Yay!!! I have been having lower back pain, AF like cramping, and gas. Hopefully this is the month!! Bump buddies if so? :flower:


----------



## babyboop

I also had brown spotting @ 4 and 5dpo and lots of AF like cramping. I'm not sure wat it is. I was wondering if anybody got the same thing and got a BFP. I really hope this is our month :)


----------



## KristinP

Bfn this morning but still no Flow 
So I am officially late
Gunna hold out a few more days and test again 

Sometimes I have a short Luteal phase so I'm thinking low hormones 

Back still hurts, temp still up, still very nauseous.
The thought, smell or sight of food turns my guts 

Looking forward to what happened for you!!
GL


----------



## BabyLove1111

GL ladies! I have terrible AF like cramps and back pain today.
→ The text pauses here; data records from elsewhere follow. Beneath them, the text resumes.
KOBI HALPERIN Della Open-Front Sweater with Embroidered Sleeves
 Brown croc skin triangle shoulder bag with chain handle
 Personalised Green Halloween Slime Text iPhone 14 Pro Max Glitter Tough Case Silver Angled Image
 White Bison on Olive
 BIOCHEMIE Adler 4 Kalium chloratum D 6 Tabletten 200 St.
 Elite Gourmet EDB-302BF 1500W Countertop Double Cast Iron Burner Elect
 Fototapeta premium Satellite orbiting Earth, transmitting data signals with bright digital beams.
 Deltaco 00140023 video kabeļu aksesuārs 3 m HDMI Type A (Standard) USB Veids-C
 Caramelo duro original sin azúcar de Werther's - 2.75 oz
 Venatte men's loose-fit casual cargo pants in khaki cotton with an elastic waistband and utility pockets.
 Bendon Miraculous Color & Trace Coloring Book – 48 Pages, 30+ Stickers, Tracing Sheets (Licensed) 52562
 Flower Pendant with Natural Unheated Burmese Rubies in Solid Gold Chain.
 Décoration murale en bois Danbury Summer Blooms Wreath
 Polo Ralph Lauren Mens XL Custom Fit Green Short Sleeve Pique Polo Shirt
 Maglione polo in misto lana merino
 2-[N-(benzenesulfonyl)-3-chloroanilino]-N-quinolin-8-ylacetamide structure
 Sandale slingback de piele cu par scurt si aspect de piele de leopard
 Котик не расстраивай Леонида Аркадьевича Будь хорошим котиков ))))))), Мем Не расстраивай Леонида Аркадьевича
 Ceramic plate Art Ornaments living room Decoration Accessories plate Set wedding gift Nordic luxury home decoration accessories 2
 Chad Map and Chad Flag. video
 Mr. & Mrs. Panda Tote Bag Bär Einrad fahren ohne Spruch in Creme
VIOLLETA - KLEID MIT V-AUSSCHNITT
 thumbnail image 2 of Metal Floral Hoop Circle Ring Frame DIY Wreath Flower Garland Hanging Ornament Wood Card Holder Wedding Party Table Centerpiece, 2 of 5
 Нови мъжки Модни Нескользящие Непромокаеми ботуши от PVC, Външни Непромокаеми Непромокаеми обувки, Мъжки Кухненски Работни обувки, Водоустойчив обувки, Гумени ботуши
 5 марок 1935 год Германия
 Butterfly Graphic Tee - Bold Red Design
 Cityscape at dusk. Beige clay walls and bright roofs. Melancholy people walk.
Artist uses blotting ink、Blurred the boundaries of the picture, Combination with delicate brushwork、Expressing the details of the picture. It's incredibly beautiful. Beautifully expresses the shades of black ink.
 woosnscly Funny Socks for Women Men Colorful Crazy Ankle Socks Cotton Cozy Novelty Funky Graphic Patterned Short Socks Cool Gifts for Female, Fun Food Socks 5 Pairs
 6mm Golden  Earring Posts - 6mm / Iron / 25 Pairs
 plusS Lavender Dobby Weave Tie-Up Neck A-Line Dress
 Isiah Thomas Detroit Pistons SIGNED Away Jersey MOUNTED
Hope it's a good sign. :)


----------



## KristinP

How many DPO are you now? 

I'm two days past due for AF.


----------



## BabyLove1111

KristinP said:


> How many DPO are you now?
> 
> I'm two days past due for AF.

Have you tested? I am 11 DPO now so I think I might test later. Are you still having symptoms?


----------



## Impatientwait

Stalking, i wanna know cause i just seen something earlier in my panties i guess from over night cause it was dried so just a light outline or something colored


----------



## BabyLove1111

Impatientwait said:


> Stalking, i wanna know cause i just seen something earlier in my panties i guess from over night cause it was dried so just a light outline or something colored

I noticed mine when I wiped, it was very light peach colored. The next day it was brown. FX for you!! I am so antsy to test, the anticipation is killing me.


----------



## Impatientwait

I haven't seen it yet when i've wiped...i wasn't looking but since i seen that this morning i am looking for it lol.. What DPO are you now?


----------



## BabyLove1111

Impatientwait said:


> I haven't seen it yet when i've wiped...i wasn't looking but since i seen that this morning i am looking for it lol.. What DPO are you now?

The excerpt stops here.